So still hadn't been refunded as of this morning for my extra box.  Sent an e-mail to Bondi New York this morning and James sent an apology along with 2 screenshots of the refunded transaction.  He suggested I file a dispute/chargeback with my bank card.  I just got of the phone with my bank (BOA) and they are opening an investigation.  They were extremely nice and are permanently putting the $16 in my account as of tomorrow even if they don't get reimbursed.  I wonder if this is what Bondi is hoping for.  Somebody else paying for their mess up.  I wonder how all of this gets dealt with between Bondi vs. Banks.  I am very thankful for my bank at this point.  The phone call took 5 minutes and they said they will be keeping me updated throughout the investigation.  Hope everyone is getting their money back.


----------



## LolaJay (Nov 5, 2013)

Quote: Originally Posted by *autopilot* /img/forum/go_quote.gif
  
I'm guessing they still never received any from the manufacturer. It would be nice if they would just be honest.

I want to know what the tracking for my September beauty gift was... a label printed just to give them more time?
Seriously....WHERE did those beauty gifts go? It's all so weird. I'd really like to know what happened there.

I also believe that they didn't have enough money to pay for the polish. I tried looking into nail polish manufacturers, I could only find one on the west coast and they didn't have much information on their website. I was curious to see pricing.

And, the BondiNYC twitter account was recently shut down. They do currently have a twitter called Bondi New York, but I found it interesting that the one they have been using was shut down within the last week or so.

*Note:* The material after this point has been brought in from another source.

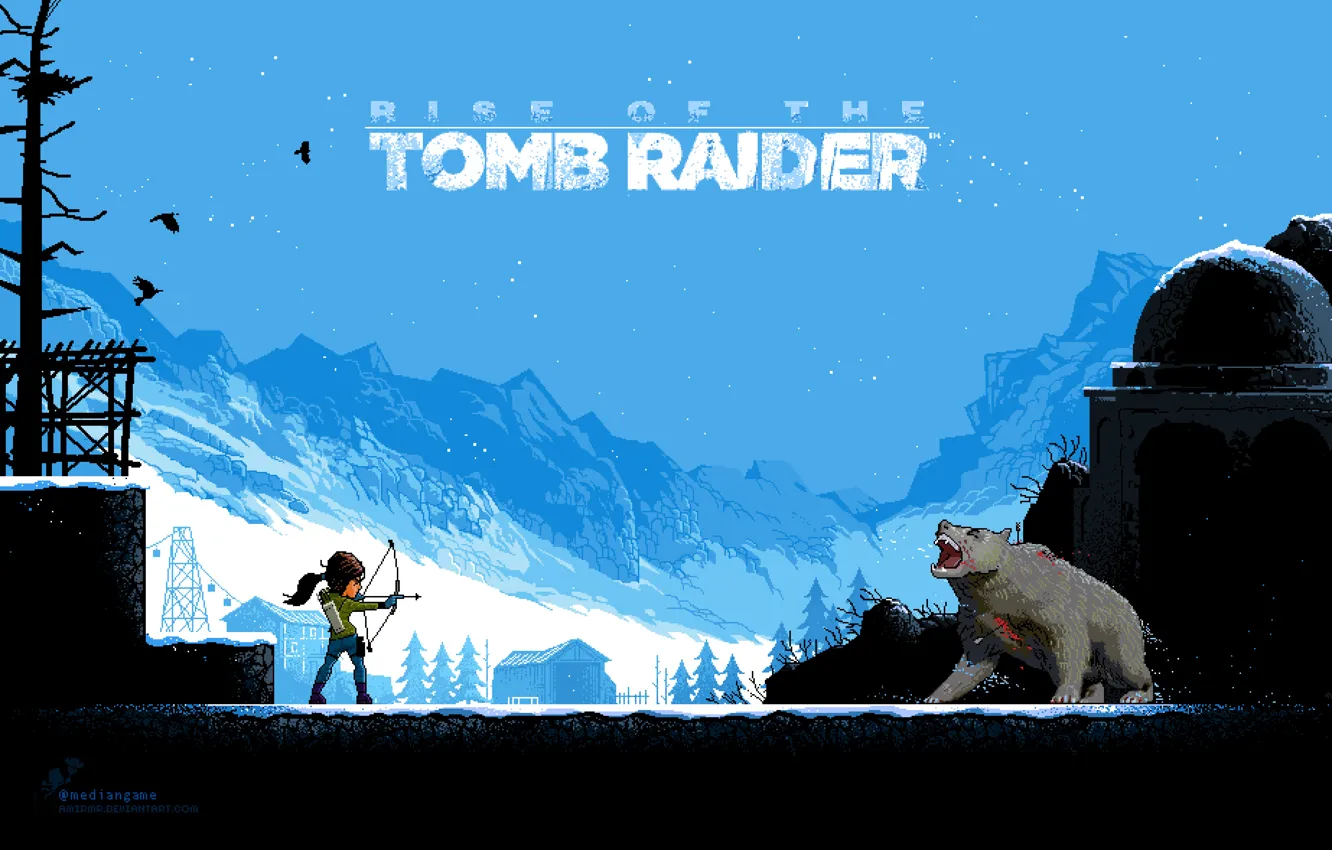 Фото обои Игры, Лара Крофт, Арт, Game, Lara Croft, Rise of the Tomb Raider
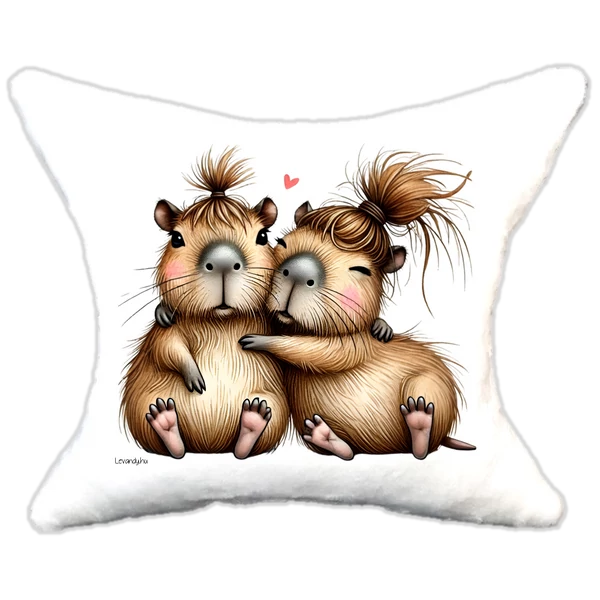 Plüss párna Capybara szerelmes pár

I guess I just want to know the answers! I HATE not knowing answers.


----------



## thebeverley3 (Nov 5, 2013)

I was asked to post these.  Here are the 2 screenshots I was sent.  I did cut out personal information and some numbers off of the end of order numbers, transaction numbers, and such since this is a public forum.


----------



## TheSilverNail (Nov 5, 2013)

Quote: Originally Posted by *LolaJay* /img/forum/go_quote.gif
  Seriously....WHERE did those beauty gifts go? It's all so weird. I'd really like to know what happened there.
Last I read from someone who had contacted Color Club, the CEO was still saying how wonderful Bondi is and to stick with them.  I wonder if they're friends.  I reallyreallyreally do not think it looks good for Color Club to be championing BNY, business-wise.


----------



## autopilot (Nov 5, 2013)

Quote: Originally Posted by *LolaJay* /img/forum/go_quote.gif
  Seriously....WHERE did those beauty gifts go? It's all so weird. I'd really like to know what happened there.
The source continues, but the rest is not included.